Aldehyde was discovered in 1835, and is categorized by the length of its carbon chain (the number of carbon atoms present in a molecule). The length of this chain varies between 1 and 12 carbon atoms.
It's only in the beginning of the 20th century that chemists come up with a stable fabrication method that allows them to create large-scale aldehyde molecules.
The aldehyde's diversity and olfactory characteristics made them the most used molecule in perfumery in the first half of the 20th century.

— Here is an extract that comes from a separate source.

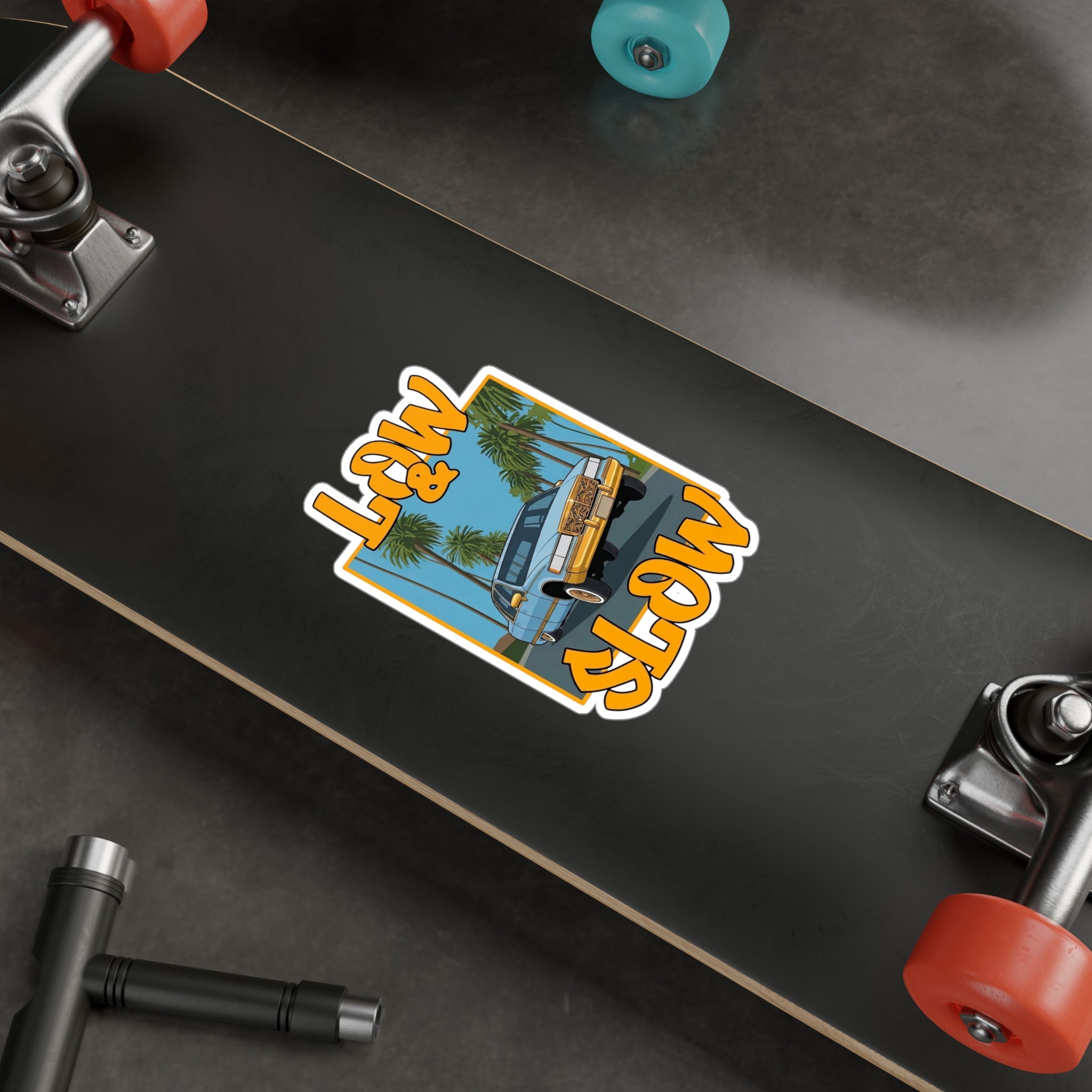 Low & Slow Car Sticker — Vintage Lowrider Kiss-Cut Vinyl Decal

It's at the very beginning of the 20th century that chemists discover a method of creating aldehyde molecules. In 1902, Auguste Darzens synthesizes aliphatic aldehyde molecules, which are essentially aldehydes, with a relatively long carbon chain.

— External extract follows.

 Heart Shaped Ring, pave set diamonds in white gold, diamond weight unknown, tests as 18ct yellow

Auguste Darzens's method, however, does not work perfectly, leaving the quantity, as well as the quality of the molecules, entirely random and uncertain. It's only 15 years later, in 1918, that a new method was put in place and the industrial production of the molecule could begin.
The length of the carbon chain determines the fragrance of the molecule. For example, the molecules with 9 to 11 carbon atoms (C9-C11) smell like candle wax, while molecules with 2 atoms smell like green apples, and molecules with 10 atoms smell like oranges.
Use in perfumery
Simply put, aldehyde has a warm and heavy metallic scent that can be compared to the scent of a hot iron, which brings strength, crispness and volume to a fragrance.
Aldehyde is most often used with floral tones, and has enabled the creation of many exotic feminine perfumes including Chanel No5, created by Ernest Beaux in 1921 who combined a C-12 aldehyde molecule with other floral scents.